La sabiduría de los silencios

Cada vez que somos testigos de un exceso de palabras, vemos morir una esperanza. No es suficiente con soportar una cascada interminable de palabras e ideas; las proposiciones que las conectan se convierten en espacios vacíos para nosotros, ámbitos carentes de sentido, la punta de un iceberg de charlatanería que habla y dice mucho, pero nunca llega a traducirse en acciones concretas. Es un tipo de discurso que solo busca nuestra complicidad en la mediocridad de sus propuestas.

Quienes viven de la palabra, aquellos cuyo oficio está intrínsecamente ligado al arte de la comunicación, necesitan la coherencia entre su discurso y sus acciones para evitar que su conciencia caiga prisionera de la inconsistencia. Además, requieren sabiduría para evitar caer en discursos engañosos, en la mera interpretación de un papel que recitan con profesionalidad pero sin autenticidad.

Quienes viven en la palabra aprenden la sabiduría de los silencios. Permiten que sus acciones hablen por ellos, respetan los espacios vacíos en los encuentros y comprenden que la verdadera sabiduría a menudo reside en el misterio.

En este contexto, pienso en tres oficios que, por su compromiso y vocación, adquieren forma de ministerios: el político, el sacerdote y el maestro (por favor, entiéndanse en sentido inclusivo).

El político habla para persuadir y actúa para demostrar eficacia. Sus momentos de silencio son escasos y, cuando ocurren, perturban a los aduladores que solo desean retóricas vacías y temen a quienes actúan con coherencia. Cuando solo importan las palabras, se puede mentir o decir la verdad, como si fueran realidades intercambiables, lo que exige una recepción acrítica de ideas que a menudo están más cerca del entretenimiento que del buen gobierno. Necesitamos políticos sabios, según la propuesta de Platón, que actúen con inteligencia compartida en pro del bien común y eviten la superficialidad del sofismo infructuoso y las palabras huecas.

El sacerdote habla para hacer cercano el misterio y actúa como su testigo. Su silencio confirma una presencia, y su palabra encarna una Verdad más elevada, que crea, transforma y resucita, porque es Palabra de Vida. Cuando solo pronuncia sus propias palabras y se convierte en testigo de sí mismo, descuida la Vida por la supervivencia y su mensaje queda reducido a exigir credibilidad en lugar de auténtica fe.
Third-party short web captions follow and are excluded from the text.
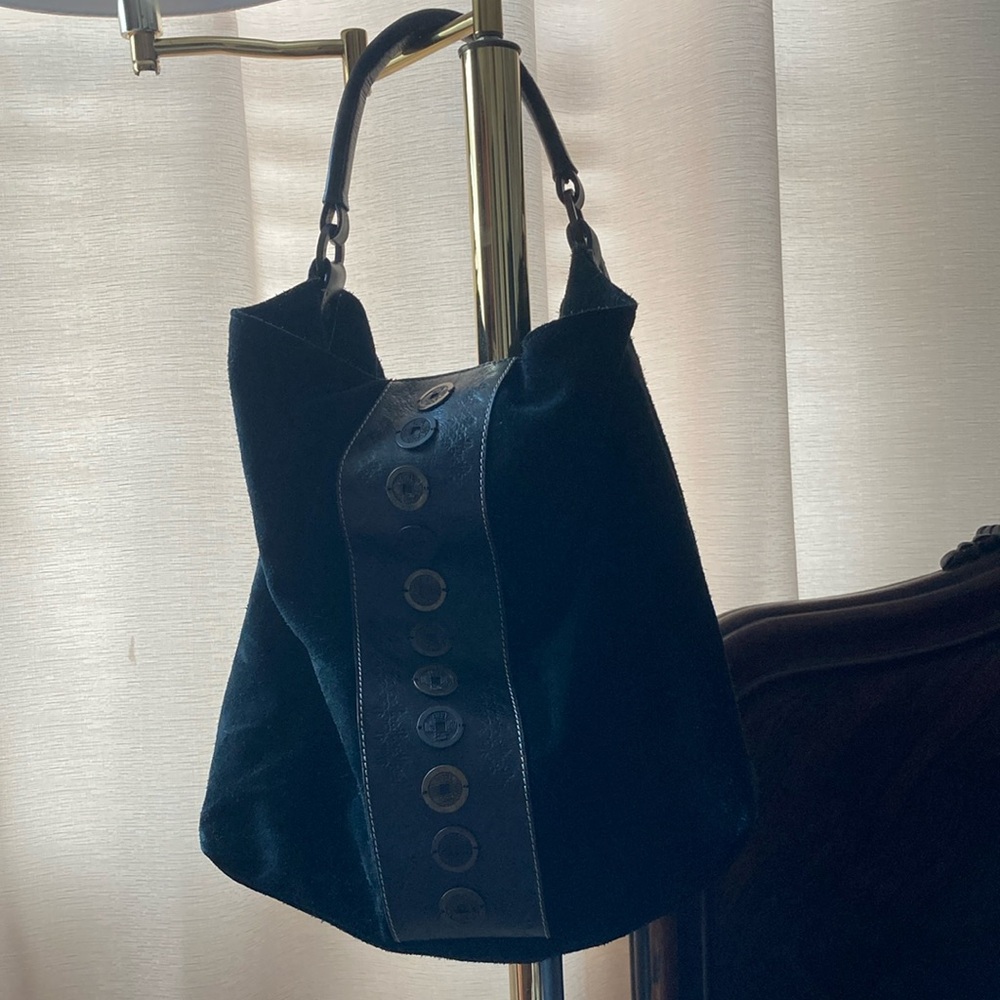 Chico's Black Hobo Bag with Luxurious Slouchy Design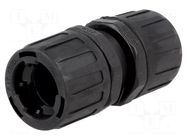 Connector; polyamide; HelaGuard; -50÷135°C; IP66; black; UL94V-2 HELLERMANNTYTON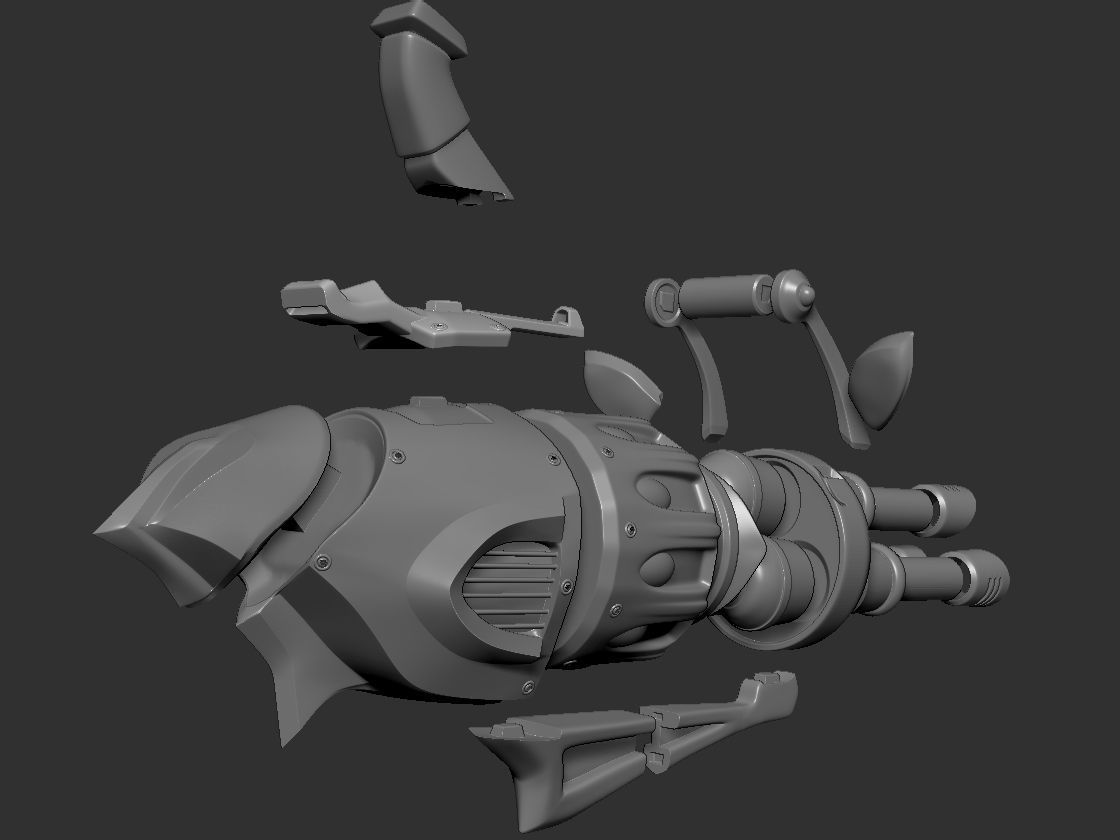 Jinx Complete Cosplay - League of Legends - LOL 3D print model_20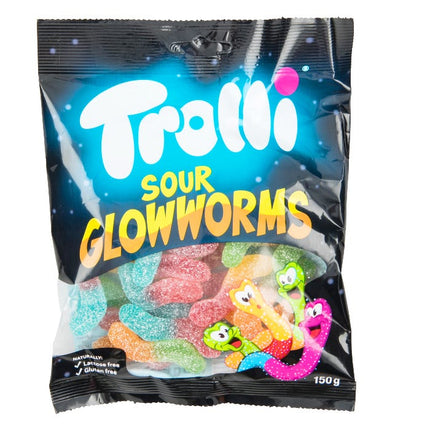 trolli sour worms 150g
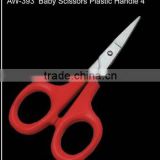 4 Inch Baby Scissor with Plastic Handle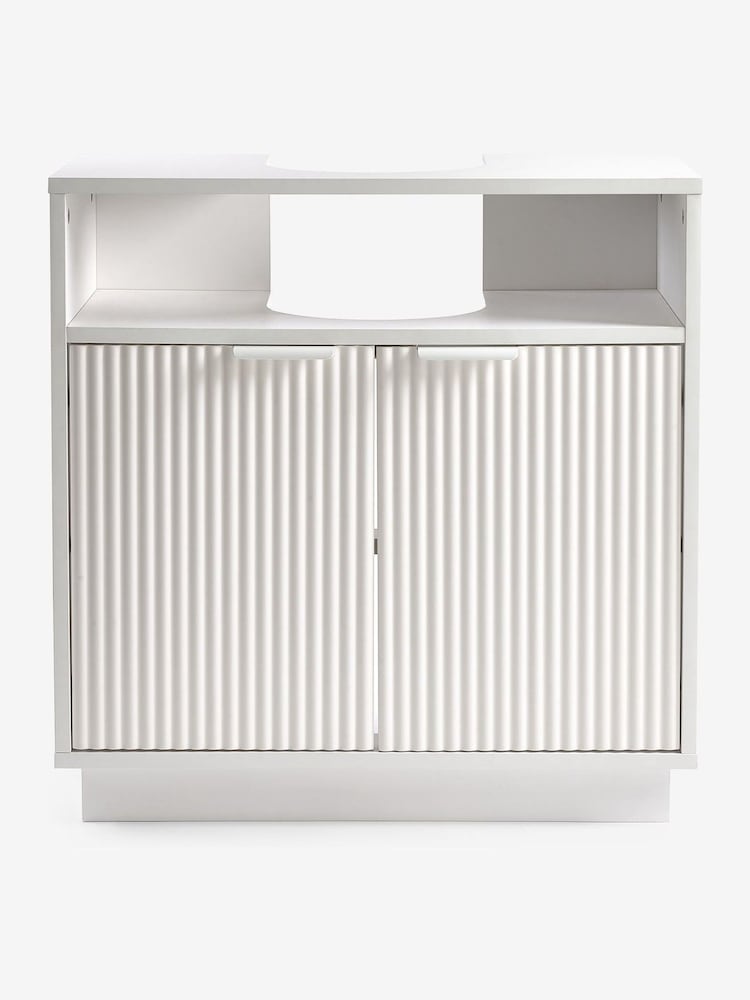 White Garda Textured Under Sink Storage Unit - Image 5 of 7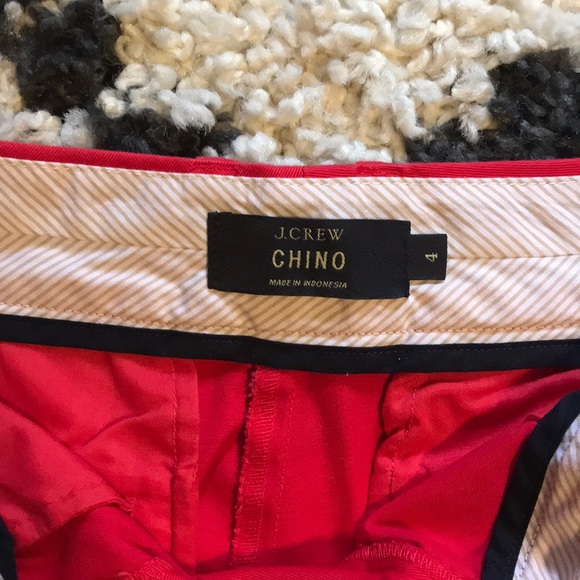 🆕NWOT J. Crew Red Chino Shorts - Picture 6 of 7
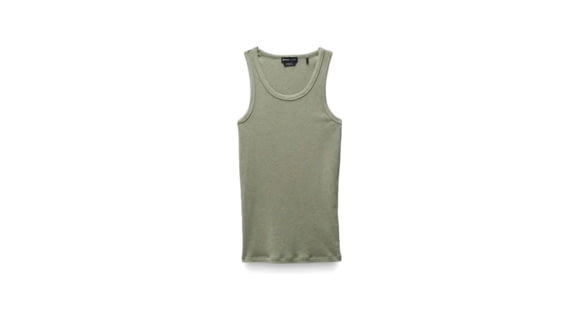 prAna Foundation Rib Tank - Women's, Juniper Green Heather, S, 1971001-301-S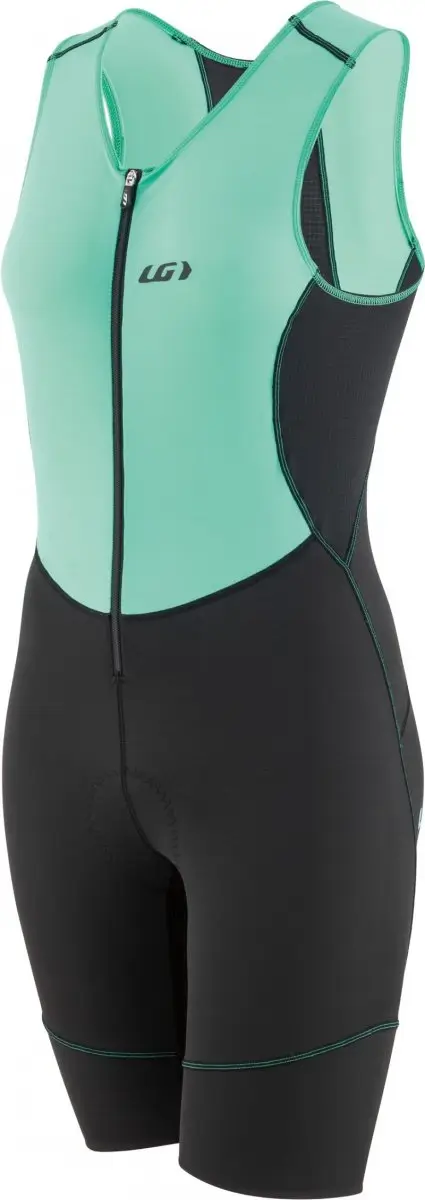 Велокостюм Garneau Women’s Tri Comp Suit черно-зеленый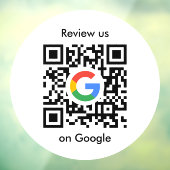 Autocollant Pour Fenêtre Google Avis | Business Review Link QR Code (Feuille 3)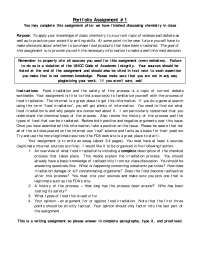 Portfolio Assignment 1 - Principles of Biology I | BIOL 1110 - Docsity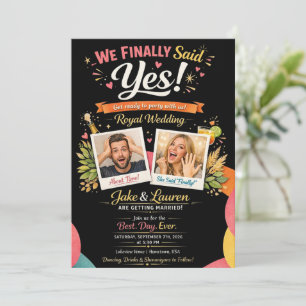 The Beginning of Forever Elegant Luxury Wedding Invitation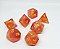 Blood Orange  - Set completo com 7 Dados de RPG - Entrega Imediata - Imagem 1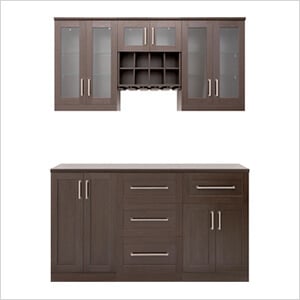 Espresso 7-Piece Cabinet Set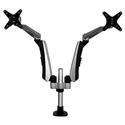 MX74740 Dual Monitor Articulating Arm Desk Mount, Stackable w/ Full Range Of Motion, Black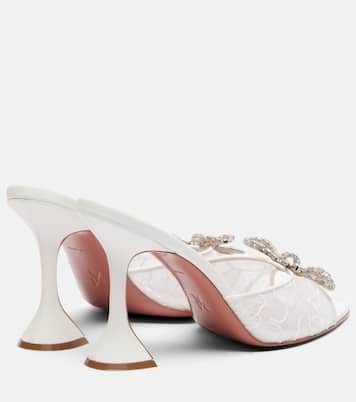 Verzierte Mules Rosie aus Spitze | Amina Muaddi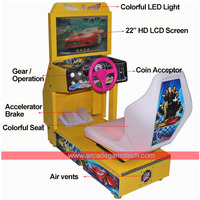 LIFUN Factory Wholesale Arcade Video Racing Game Machine Coin Operated Car Motor Bike Sports Kids Fun Children Metal Indoor Use
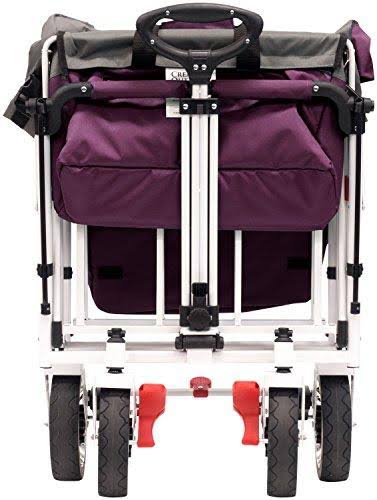Magenta Push-Pull Folding Wagon with Canopy P930906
Necesitamos sacerdotes sabios, según el libro de los Proverbios (Un hombre sabio siempre piensa antes de hablar; dice lo correcto y vale la pena escucharlo), que sean prudentes en sus palabras, que las hagan vida, personas de fe y de oración, con un corazón lleno de misterio y de compasión, que prioricen escuchar antes que ser escuchados.

El maestro habla para revelar conocimiento y actúa como guía en el camino del aprendizaje. Sus silencios son oportunidades para que el discípulo exprese su propia comprensión de la realidad. El pensamiento del maestro debería ser precursor del pensamiento autónomo del alumno. Cuando solo transmite conocimientos, se guarda para sí todos los saberes y piensa que el mundo anda perdido sin su magisterio. Necesitamos maestros sabios, de los que se reconocen ignorantes, según la escuela socrática, y encuentran belleza en todas las cosas, capaces de inspirar a otros sin imponer su visión y sin temor a generar más preguntas que respuestas.

Lao Tse, en su Tao Te Ching, nos advierte: Los que hablan no saben, los que saben no hablan. Si nuestra sociedad no cultiva y busca políticos, sacerdotes y maestros sabios, que abracen tanto sus silencios como sus ignorancias, estaremos condenados a depender de líderes sociales, espirituales y educativos que valoran las formas sobre el contenido y olvidan el verdadero sentido de su ministerio.